Sally Hawkins does her best Sally Field impression in "Made in Dagenham," playing a plucky Ford factory worker who rouses her fellow female employees to go on strike in demand of equal pay.
But whereas "Norma Rae" had some realism and grit to it, "Made in Dagenham" is a by-the-numbers tale of women taking on the big boys, underdogs beating the big corporation. An inspiring story, sure, but director Nigel Cole ("Calendar Girls") and writer William Ivory tell it without offering much surprise.
The performances from Hawkins and co-stars Bob Hoskins, Miranda Richardson and especially Rosamund Pike are what elevate the material above its predictability and cliches.
"Made in Dagenham" is based on real events that took place in 1968 at the Ford factory in Dagenham, England, along the Thames River about 12 miles outside London.
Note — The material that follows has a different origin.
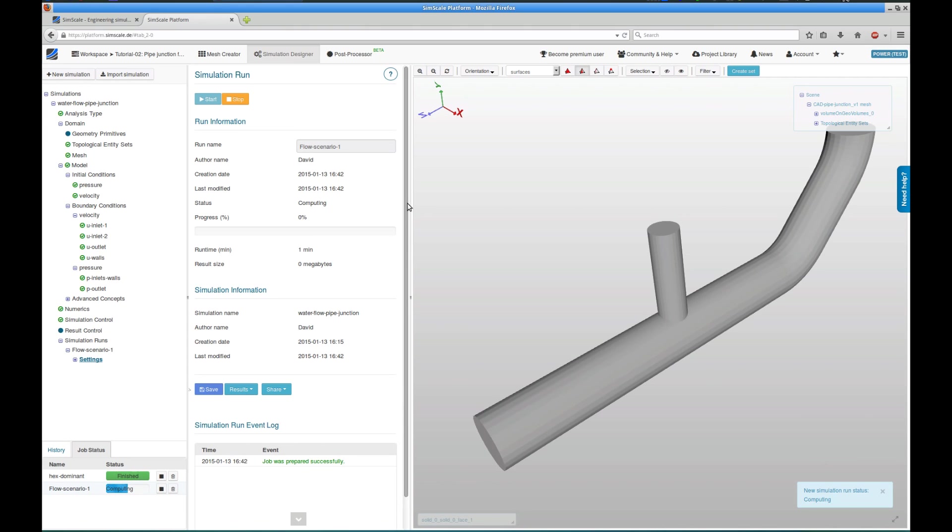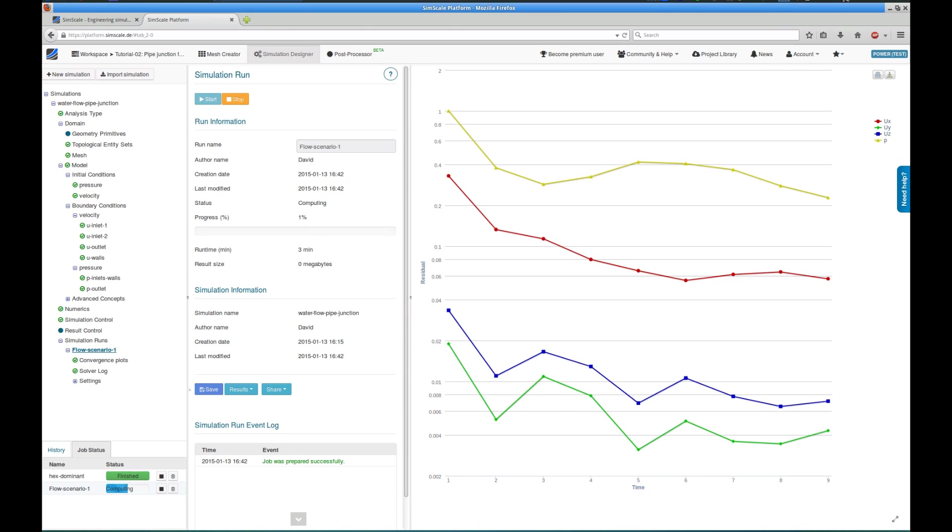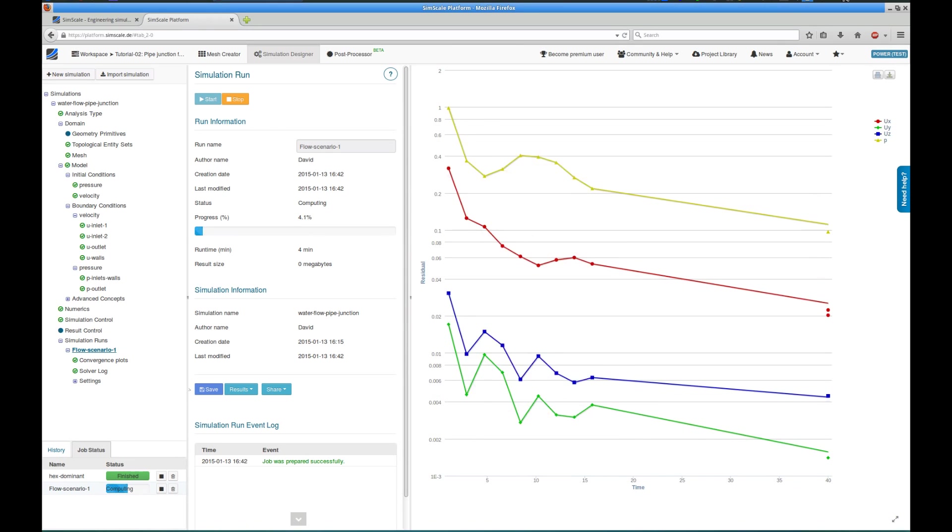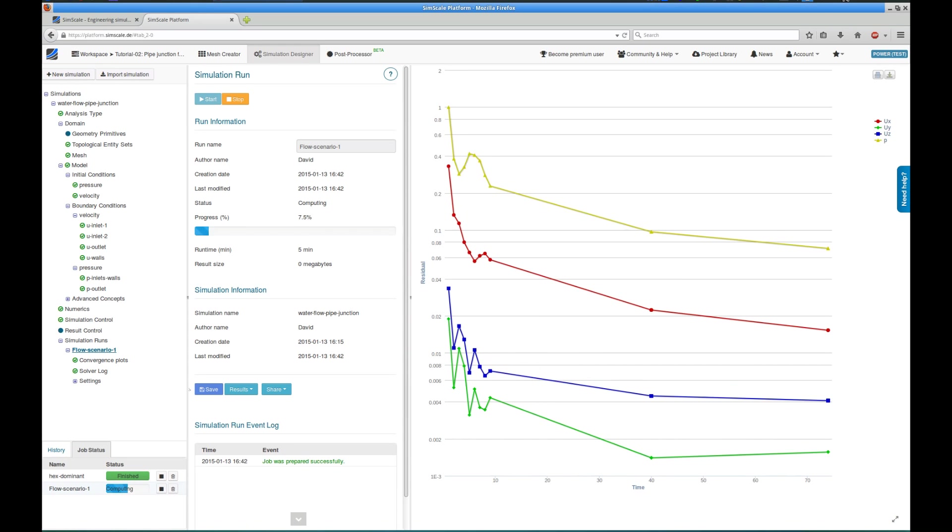The results of the simulation, whenever they are present, get transferred back in real-time. So I get an info about the behavior of the residuals, I can track the progress, and thereby check on how my simulation is doing.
The 187 women who worked there — "girls" as they were called, regardless of age — stitched car seat upholstery, toiling in a setting so sweltering, they systematically stripped down to their bras as soon as they stepped onto the factory floor. It's an amusing bit whenever a man walks into the room and reacts with embarrassment.
The auto maker, declaring these women unskilled laborers despite the intricacy of their duties, proposes a pay cut. Sympathetic union rep Albert (Hoskins) encourages them to voice their grievances, and taps Hawkins' Rita O'Grady to join him and shop steward Connie (Geraldine James) at a meeting with management.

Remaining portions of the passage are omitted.